Optical Character Recognition (OCR)
OpenGateLLM provides an OCR endpoint based on the Mistral API convention, /v1/ocr. For more information on the Mistral API convention, please refer to their documentation.
warning
For the following tutorial, we use DINUM instance of OpenGateLLM, called Albert API. If your are not a user of this instance, please refer to the OpenGateLLM readme to install and configure your own instance. You need to have a image-to-text model to run this tutorial.
%pip install -qU mistralai requests datasets pillow
import base64
import os
from urllib.parse import urljoin
from IPython.display import Image, display
from mistralai import Mistral
import requests
First, setup your API key and server URL. You can set the ALBERT_API_KEY environment variable or provide it directly, then initialize the Mistral client and a requests session.
server_url = "https://albert.api.etalab.gouv.fr"

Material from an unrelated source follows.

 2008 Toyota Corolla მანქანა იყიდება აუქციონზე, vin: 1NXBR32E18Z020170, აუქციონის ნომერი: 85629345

api_key = os.getenv("ALBERT_API_KEY")
session = requests.Session()
session.headers.update({"Authorization": f"Bearer {api_key}"})

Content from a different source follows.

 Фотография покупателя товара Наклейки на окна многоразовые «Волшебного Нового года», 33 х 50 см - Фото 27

client = Mistral(server_url=server_url, api_key=api_key)
Find an OCR model with /v1/models endpoint to perform OCR. Theses models have the type image-to-text.
response = session.get(url=urljoin(server_url, "/v1/models"))
assert response.status_code == 200
models = response.json()["data"]
model = [model for model in models if model["type"] == "image-to-text"][0]["id"]
print(f"OCR model found: {model}")
OCR model found: mistral-ocr-2505
OCR your PDF Documents
OCR with a PDF URL
- With Mistral client
- With requests
url = "https://www.princexml.com/samples/magic6/magic.pdf"
response = client.ocr.process(model=model, document={"type": "document_url", "document_url": url}, include_image_base64=True)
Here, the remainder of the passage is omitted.